A small world helped Brother Cane score tour with Slash’s Snakepit




While more than 40 singers auditioned for the lead-vocalist job in Guns N’ Roses guitarist Slash’s solo band, Snakepit, probably just as many bands would have lined up to try out for the prestigious opening spot on that group’s tour. When that bill hits the sold-out Commodore this Tuesday (May 9), the lucky warm-up act will be Birmingham, Alabama’s Brother Cane.

“There were several things working in our favour,” says Brother Cane vocalist–lead guitarist Damon Johnson, checking in from a Chicago hotel. “First of all, the singer in Slash’s band, Eric [Dover], is an old friend of ours. He’s from Birmingham also, so it’s really a small world. I also know a lotta people in Slash’s road crew, and actually Slash and I had met a couple of years ago. So it was one of those things where you know what’s goin’ down, and you just sort of get the powers that be to start putting their heads together to see if it makes sense.

“Last night in Detroit was our first show,” he adds, “and I could just tell the people were really into it. The place was sold-out, so I’m sure there’s gonna be a lotta other shows like that over the next three weeks.”

When Brother Cane makes its first Vancouver appearance, it’ll be focusing on tunes from its second CD, Seeds, scheduled for release in early July. The band’s self-titled debut of ’93 sold a respectable quarter-million copies, thanks in part to the slamming southern-rock vibe of the single “Hard Act to Follow”. Since then, original rhythm guitarist Roman Glick has replaced Glenn Maxey on bass, and new guitarist David Anderson has joined the fray. Original member Scott Collier still mans the drum kit.

“I think people will find us experimenting a little more,” says Johnson of the current lineup. “There’s a few different sounds and stuff goin’ on. The rhythm section is a little more diverse now with Roman on bass, and David’s addition has been great. He doesn’t play so many things as a lead player, but uses more of a textured approach. He plays a lot like Andy Summers from the Police or someone like that.”

Judging by the strong southern-rock vibe of Brother Cane’s music—and the fact that all its members hail from Alabama—you’d think that Lynyrd Skynyrd might have had a strong effect on the group. But Ronnie Van Zant and company were only part of the influences.

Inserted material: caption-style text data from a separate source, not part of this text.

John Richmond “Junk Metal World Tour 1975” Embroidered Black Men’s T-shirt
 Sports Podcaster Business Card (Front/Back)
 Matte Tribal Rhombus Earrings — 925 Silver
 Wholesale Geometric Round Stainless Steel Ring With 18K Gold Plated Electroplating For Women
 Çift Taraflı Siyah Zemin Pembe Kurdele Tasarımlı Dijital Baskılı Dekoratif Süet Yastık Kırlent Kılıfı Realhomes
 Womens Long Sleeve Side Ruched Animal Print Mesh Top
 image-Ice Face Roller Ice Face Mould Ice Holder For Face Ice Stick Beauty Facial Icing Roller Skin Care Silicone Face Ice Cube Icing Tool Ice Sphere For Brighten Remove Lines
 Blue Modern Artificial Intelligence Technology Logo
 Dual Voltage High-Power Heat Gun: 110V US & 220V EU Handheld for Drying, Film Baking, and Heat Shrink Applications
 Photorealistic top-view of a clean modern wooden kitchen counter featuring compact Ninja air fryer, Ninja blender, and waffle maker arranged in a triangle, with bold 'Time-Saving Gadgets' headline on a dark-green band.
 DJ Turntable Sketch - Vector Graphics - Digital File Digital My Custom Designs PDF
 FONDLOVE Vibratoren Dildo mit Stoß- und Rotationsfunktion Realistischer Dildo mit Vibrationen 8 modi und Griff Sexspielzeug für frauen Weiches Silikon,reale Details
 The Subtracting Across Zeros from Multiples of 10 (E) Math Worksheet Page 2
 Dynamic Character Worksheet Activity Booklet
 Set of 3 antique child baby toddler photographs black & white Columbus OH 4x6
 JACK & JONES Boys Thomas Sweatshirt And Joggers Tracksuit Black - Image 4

“We were just fans of everything that came through there,” says Johnson. “We all grew up in fairly small towns—and even Birmingham itself isn’t that big—but thankfully there was a handful of bands that used to come through and play all the time, like Aerosmith and Van Halen—used to see Ted Nugent a lot. So all of that stuff, mixed with the blues and the southern rock, gave us a pretty wide variety of things to listen to.

“But I’ve been surrounded by music all of my life,” adds the 30-year-old rocker. “Both my parents sang a lot in church, and my dad played some acoustic guitar. He used to have his friends over and they’d sit around and play all this Chet Atkins and Jim Reeves and Elvis Presley, stuff like that. And I got a pretty decent guitar early on, when I was 11 or 12, so I just sat around, man. I never put it down very much. It was one of those bugs you couldn’t shake.”